### PROBLEM TO SOLVE
Each entry should be given again exactly, with any image left out.

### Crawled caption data
• • • • •
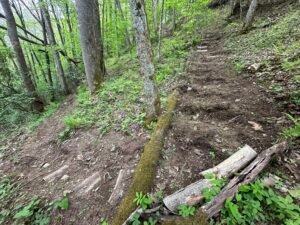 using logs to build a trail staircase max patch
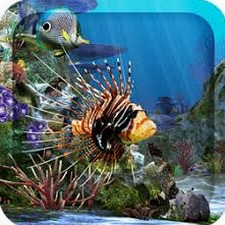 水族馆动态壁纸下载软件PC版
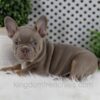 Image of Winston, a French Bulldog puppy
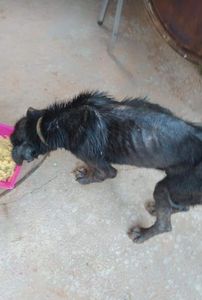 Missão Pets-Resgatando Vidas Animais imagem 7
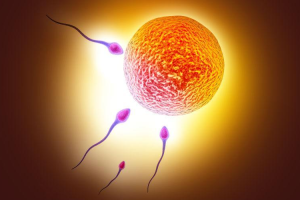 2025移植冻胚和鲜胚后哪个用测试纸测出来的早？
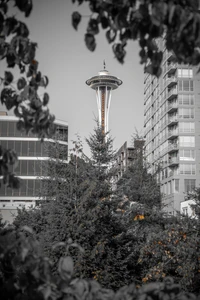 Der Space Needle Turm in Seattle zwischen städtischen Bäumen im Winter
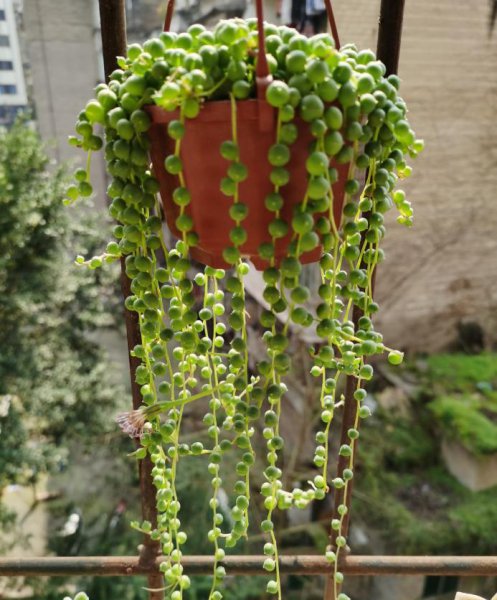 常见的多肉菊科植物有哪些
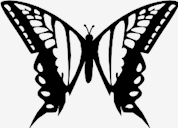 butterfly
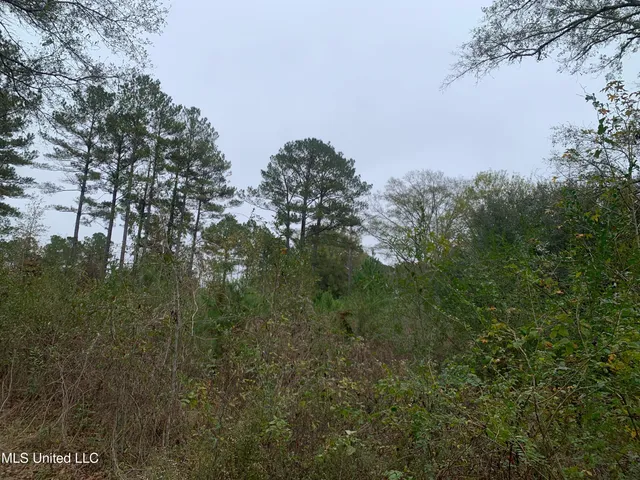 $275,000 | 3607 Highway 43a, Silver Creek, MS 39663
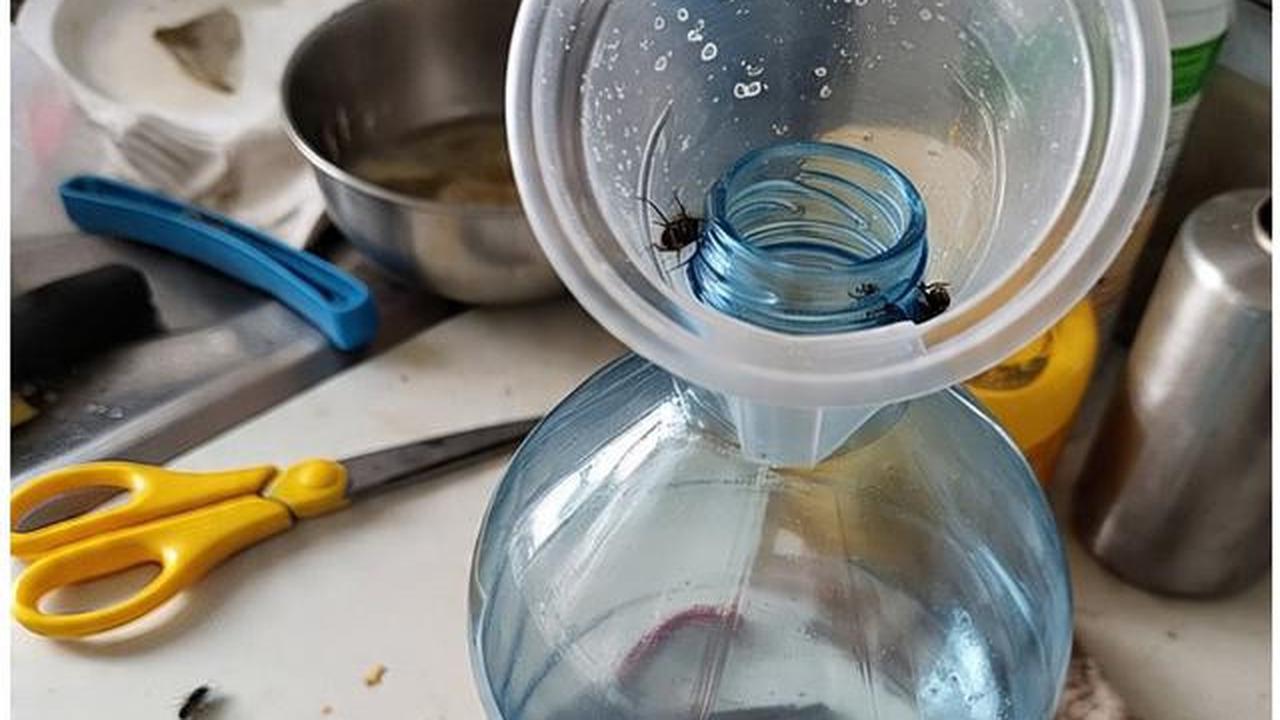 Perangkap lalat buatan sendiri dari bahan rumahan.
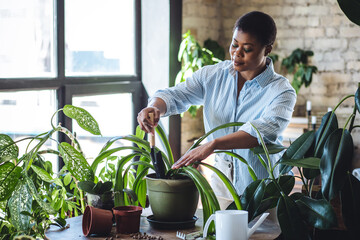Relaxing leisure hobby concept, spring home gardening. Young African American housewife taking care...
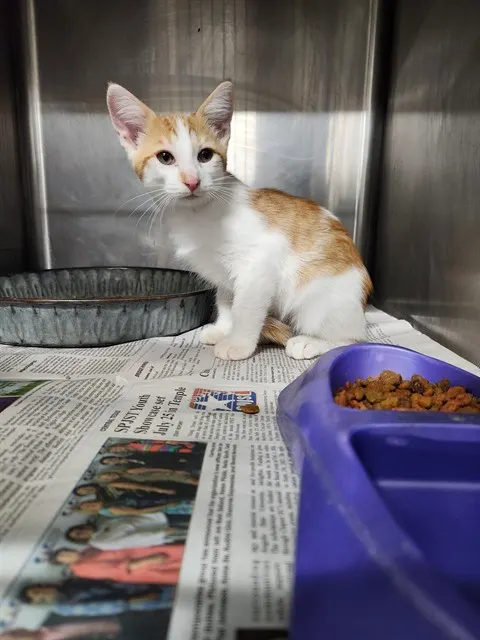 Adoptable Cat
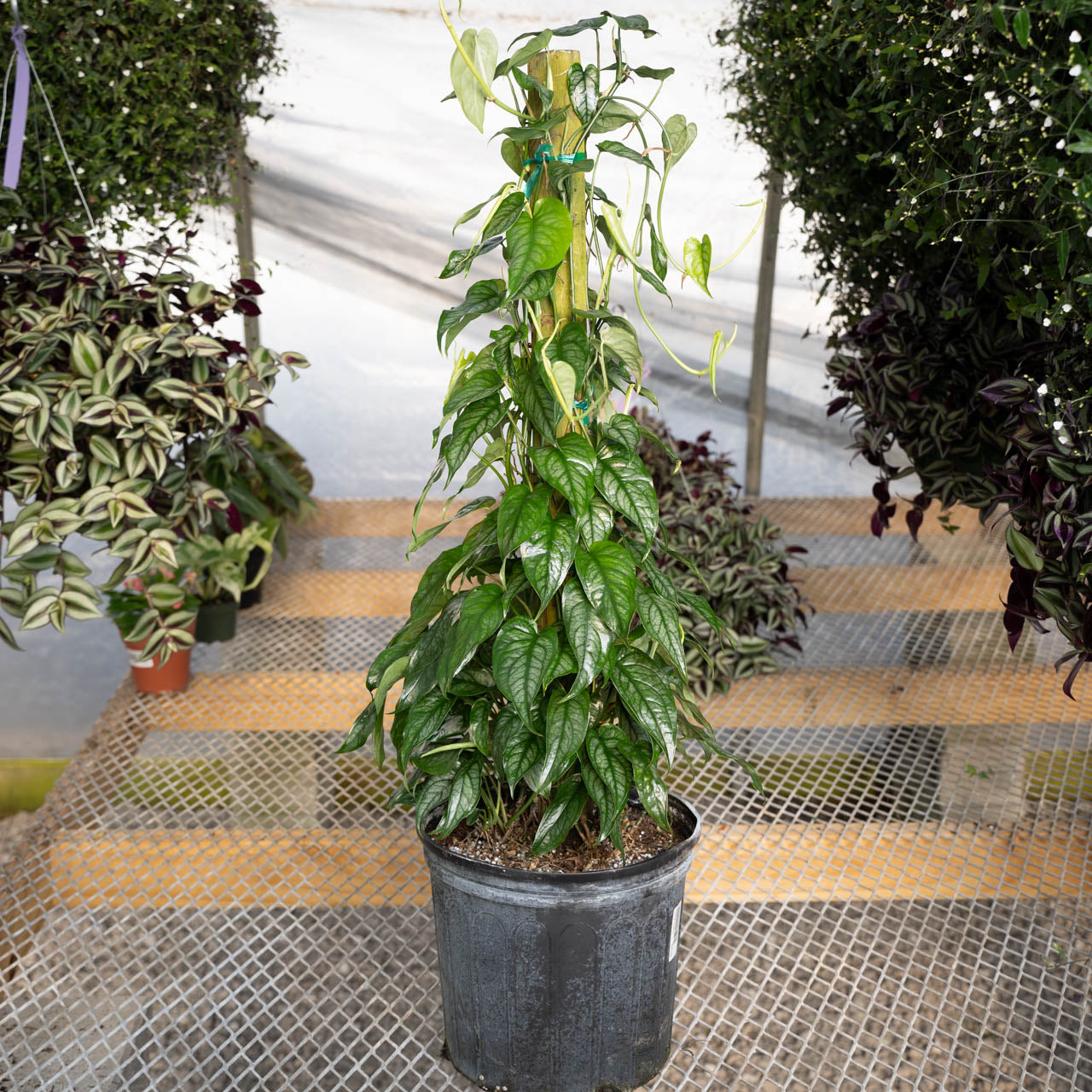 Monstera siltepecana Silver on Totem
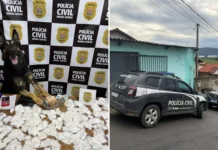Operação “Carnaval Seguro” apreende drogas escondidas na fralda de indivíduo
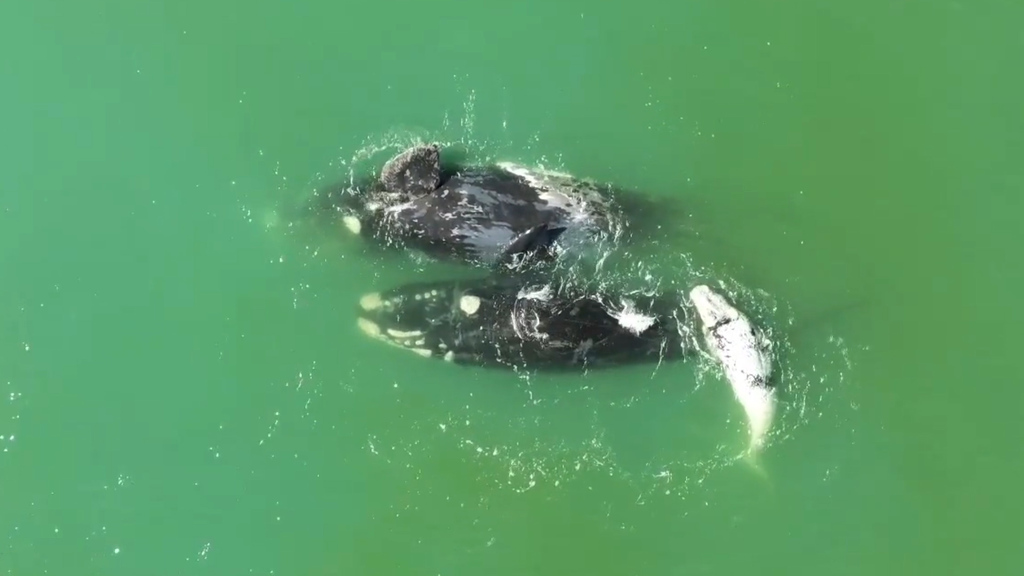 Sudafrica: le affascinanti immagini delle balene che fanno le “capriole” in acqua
• • • • •
### OUTPUT OF THE EXERCISE
 using logs to build a trail staircase max patch
 水族馆动态壁纸下载软件PC版
 Image of Winston, a French Bulldog puppy
 Missão Pets-Resgatando Vidas Animais imagem 7
 2025移植冻胚和鲜胚后哪个用测试纸测出来的早？
 Der Space Needle Turm in Seattle zwischen städtischen Bäumen im Winter
 常见的多肉菊科植物有哪些
 butterfly
 $275,000 | 3607 Highway 43a, Silver Creek, MS 39663
 Perangkap lalat buatan sendiri dari bahan rumahan.
Relaxing leisure hobby concept, spring home gardening. Young African American housewife taking care...
 Adoptable Cat
 Monstera siltepecana Silver on Totem
Operação “Carnaval Seguro” apreende drogas escondidas na fralda de indivíduo
 Sudafrica: le affascinanti immagini delle balene che fanno le “capriole” in acqua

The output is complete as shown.